The book identifies the use of type “in isolation” as a growing and influential contemporary trend, but it also looks at the historical antecedents of this sort of work. In an introductory essay, Mark Sinclair, deputy editor of Creative Review, provides an overview of how typography has evolved from the early “type only” experiments of the Dadaists and Futurists, via Modernism and Post-Modernism, to today’s radical typographic trends, digitally made and shared instantly on the internet.

With the mass arrival of the personal computer in the early 1990s, typography made a quantum leap. What once took hours of manual labor, could now be done on the screen in real time. At the same time, designers also realized that many of the old typographic conventions and preferences could be bypassed. The result is a 21st-century typographic landscape with a multiplicity of styles and gestures: today, anything goes in typography—everything is permitted, nothing is forbidden. But among this stylistic explosion, one trend seems to stand out as uniquely of the moment. It is best expressed by the now defunct British design group 8vo, who said: “We believed that typography, the key building block of printed communication, could be the core ingredient of a graphic solution (unsupported by illustration or photography…).” In the pages of Type Only, we see what happens when designers from all over the world adhere to 8vo’s brave assertion. Some of it is beautiful, some of it is rude and shouty—but it all relies on the naked power of type and type only.
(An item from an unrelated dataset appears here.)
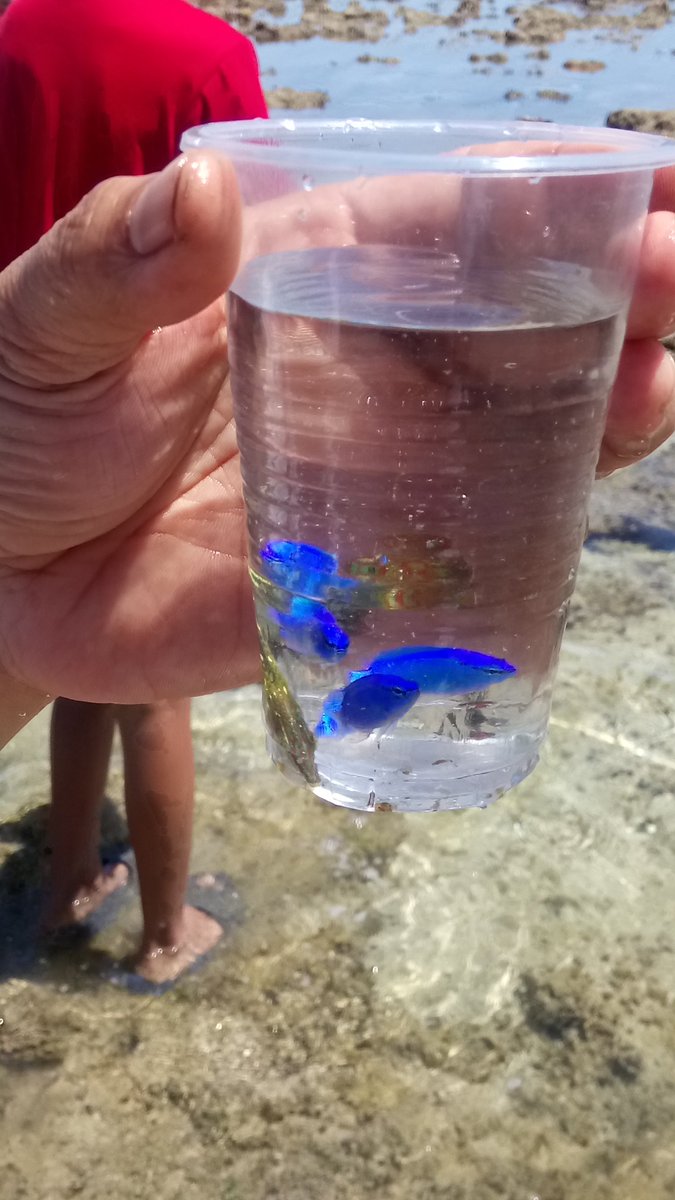 LOOK: Some Blue Damselfish trapped inside a prohibited #SingleUse plastic cup. #DYK Damselfish and other species’ habitat is a coral reef.  They are an indicator of a healthy underwater ecosystem, so catching them is a NO NO! #OceanMonth #FreeTheSeasFromMarineDebris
Features work from: Australia, Belgium, Czech Republic, Finland, France, Germany, Italy, Netherlands, Norway, Poland, Portugal, Serbia, South Korea, Spain, Sweden, Switzerland, UK, and the United States.

On 3 book lists
Ellen Lupton

This luscious compendium of contemporary typography and lettering is stocked with enough eye candy to make your teeth hurt. It’s like a 300-page Tumblr blog blown up onto big, tactile pages of print. A selection of historical examples at the front of the book and a sturdy, well-crafted essay by Mark Sinclair provide critical context. The rest of the volume, compiled and designed by Tony Brook, proceeds alphabetically by designer. Brook makes no pretense at deep structure. In place of themes or movements or geographical relationships, you get a raucous onslaught of visual energy. Fresh, surprising, and sometimes hard to look at, the work comes from dozens of designers, most of them young and European.
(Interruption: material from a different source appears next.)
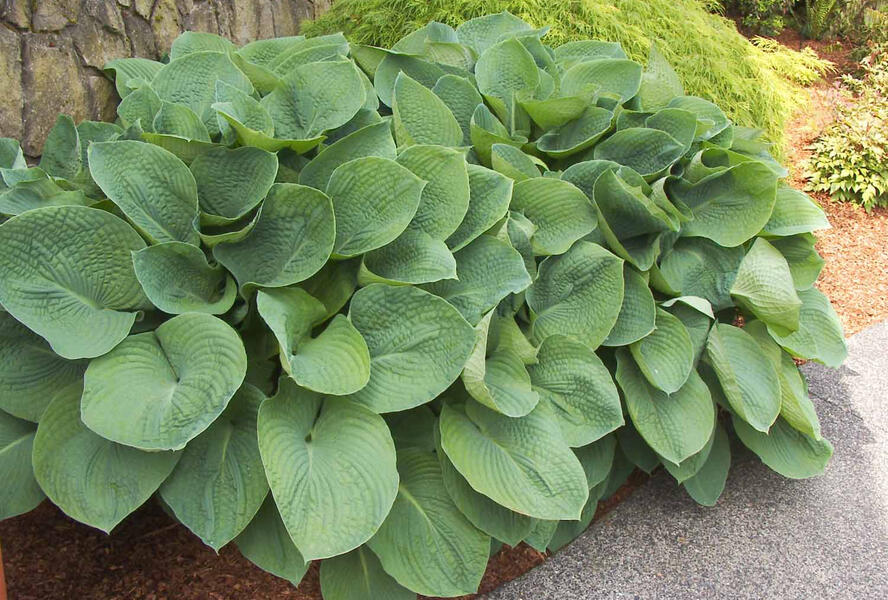 Bohyška 'Elegans' - Hosta sieboldiana 'Elegans'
Sinclair’s essay is called “The Text is the Image,” a slogan that justly captures the project’s focus. Type Only is not about long-form typography applied to complex bodies of content; it is about making pictures, mostly abstract ones, with letters and words. The book’s predominant medium is the poster. Despite the poster’s waning public function, this vehicle remains the archetypal proving ground for experimental graphic design, inviting designers to build compact compositions and serial campaigns that viewers can absorb at a glance. Themes emerge if you look for them. Communication and “concept” succumb to extravagant formal play. Letters are cut, sliced, warped, and repeated. Strange beauty emerges from ugly accidents. Digital glitches disturb the hallowed ground of print. Is the end near at last?